++++ DATA EXTRACT ++++
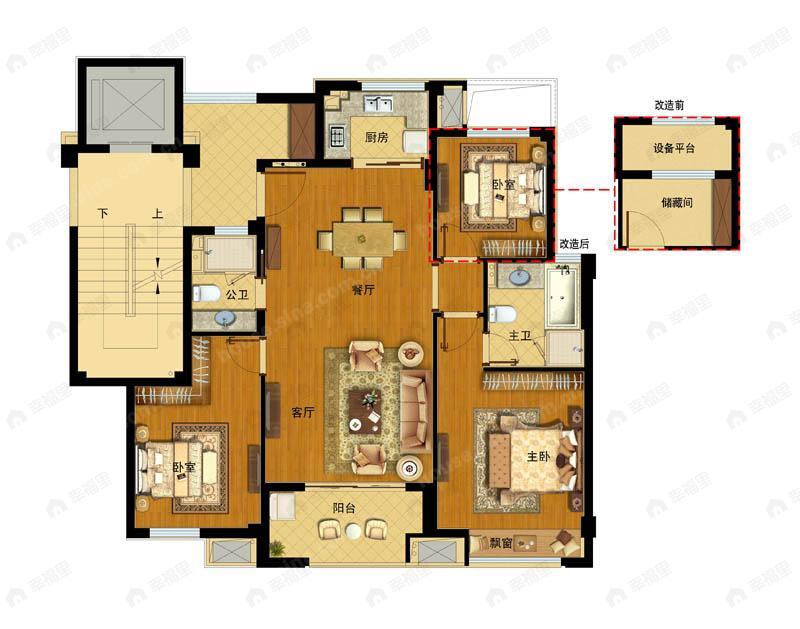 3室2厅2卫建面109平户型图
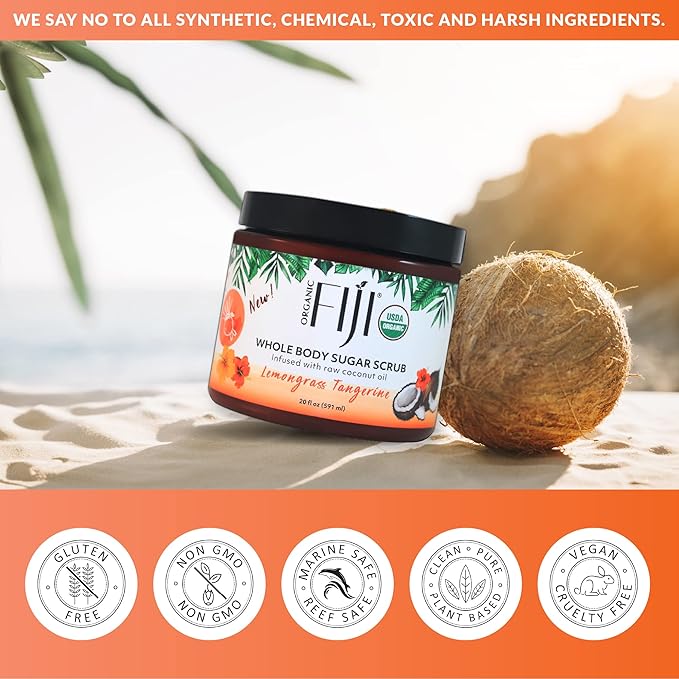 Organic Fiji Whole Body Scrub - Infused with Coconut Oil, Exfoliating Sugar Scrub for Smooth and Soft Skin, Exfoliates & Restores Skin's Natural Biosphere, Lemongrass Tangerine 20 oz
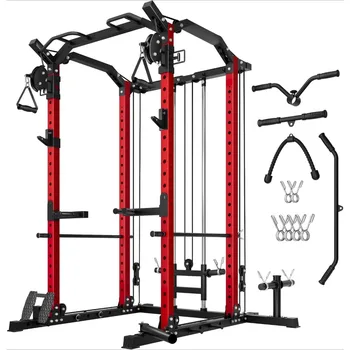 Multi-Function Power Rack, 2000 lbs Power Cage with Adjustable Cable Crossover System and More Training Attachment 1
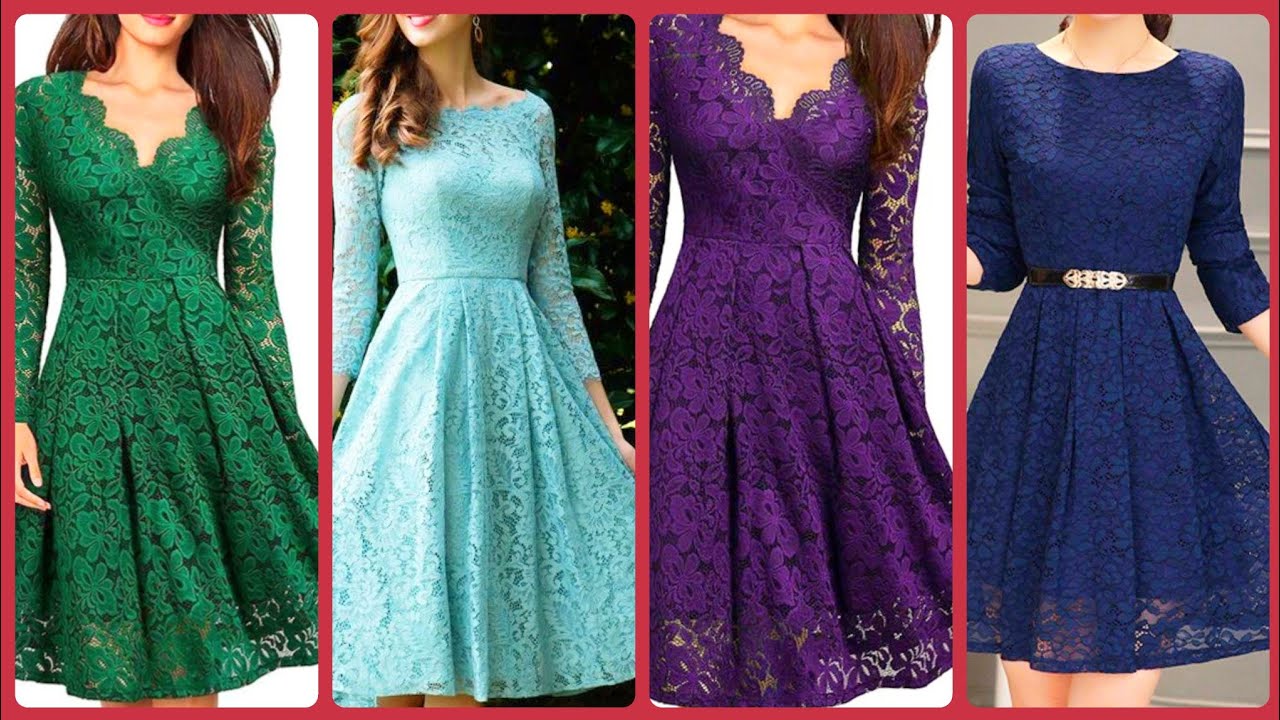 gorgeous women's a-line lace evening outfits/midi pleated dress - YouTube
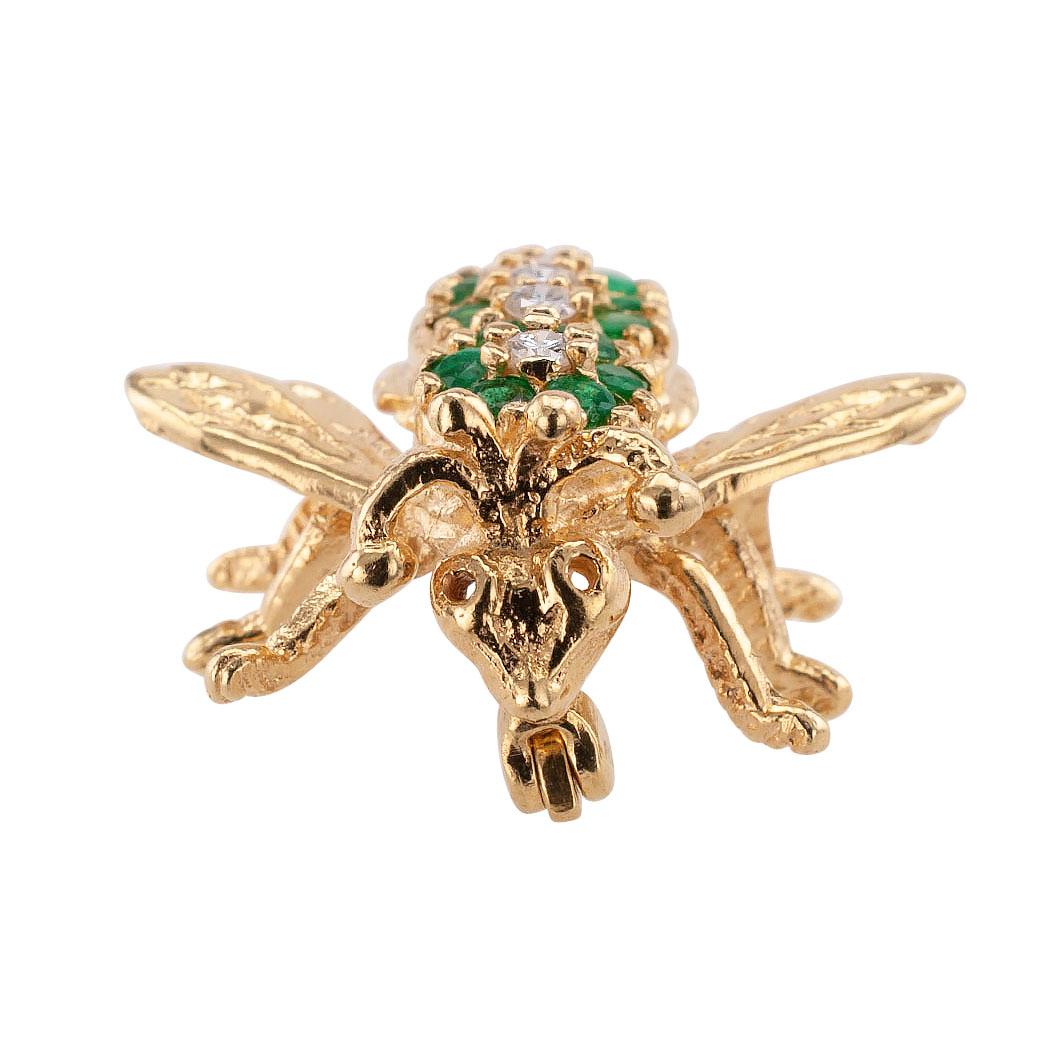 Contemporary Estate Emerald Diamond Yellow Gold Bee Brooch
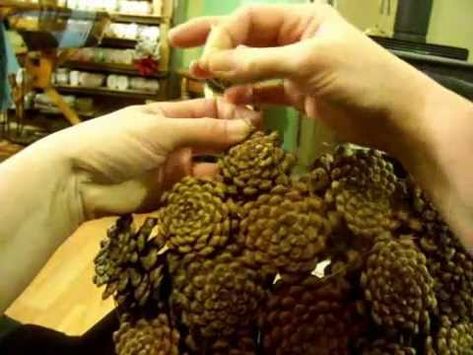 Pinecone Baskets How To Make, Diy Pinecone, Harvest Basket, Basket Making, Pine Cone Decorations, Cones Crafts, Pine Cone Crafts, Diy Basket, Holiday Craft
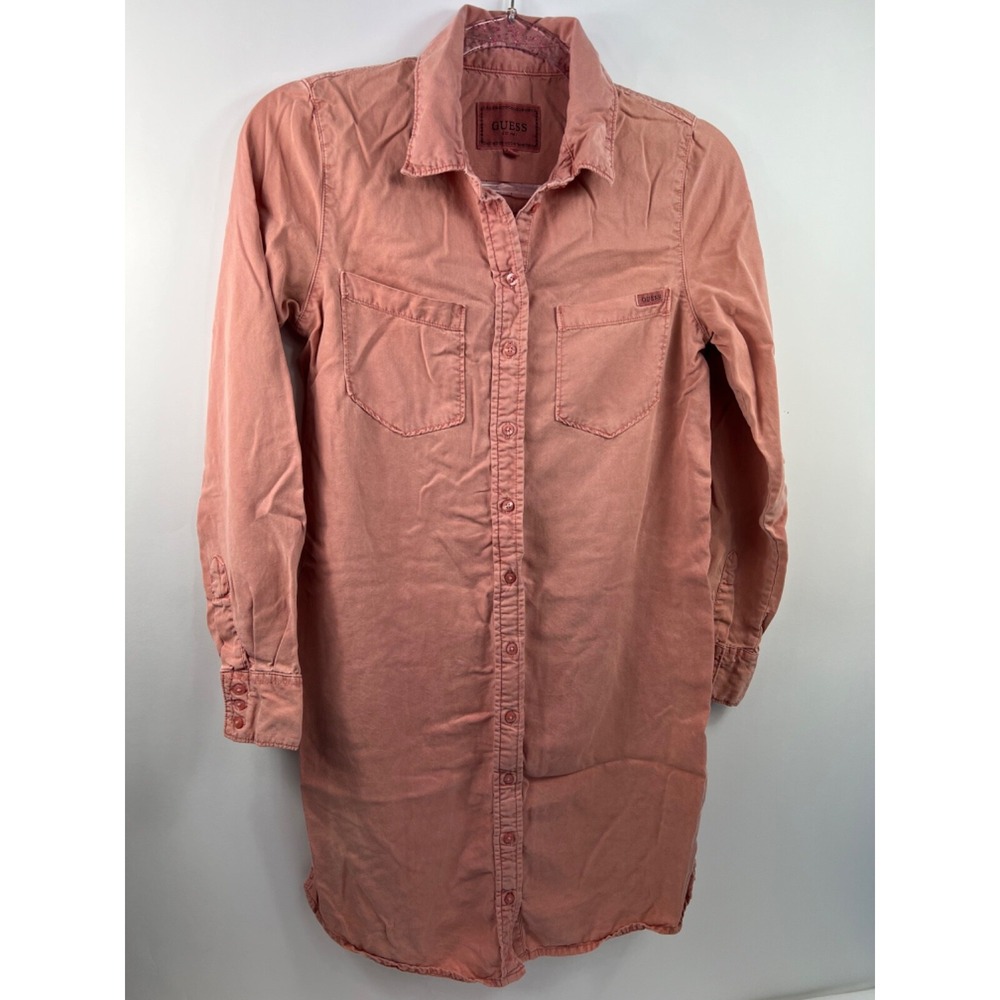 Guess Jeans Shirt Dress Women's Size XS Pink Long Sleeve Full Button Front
++++
AIM OF THE TASK:
Give back all entries exactly. No pictures belong in the copy.

RESULT FOR THIS TASK:
 3室2厅2卫建面109平户型图
 Organic Fiji Whole Body Scrub - Infused with Coconut Oil, Exfoliating Sugar Scrub for Smooth and Soft Skin, Exfoliates & Restores Skin's Natural Biosphere, Lemongrass Tangerine 20 oz
 Multi-Function Power Rack, 2000 lbs Power Cage with Adjustable Cable Crossover System and More Training Attachment 1
 gorgeous women's a-line lace evening outfits/midi pleated dress - YouTube
 Contemporary Estate Emerald Diamond Yellow Gold Bee Brooch
 Pinecone Baskets How To Make, Diy Pinecone, Harvest Basket, Basket Making, Pine Cone Decorations, Cones Crafts, Pine Cone Crafts, Diy Basket, Holiday Craft
 Guess Jeans Shirt Dress Women's Size XS Pink Long Sleeve Full Button Front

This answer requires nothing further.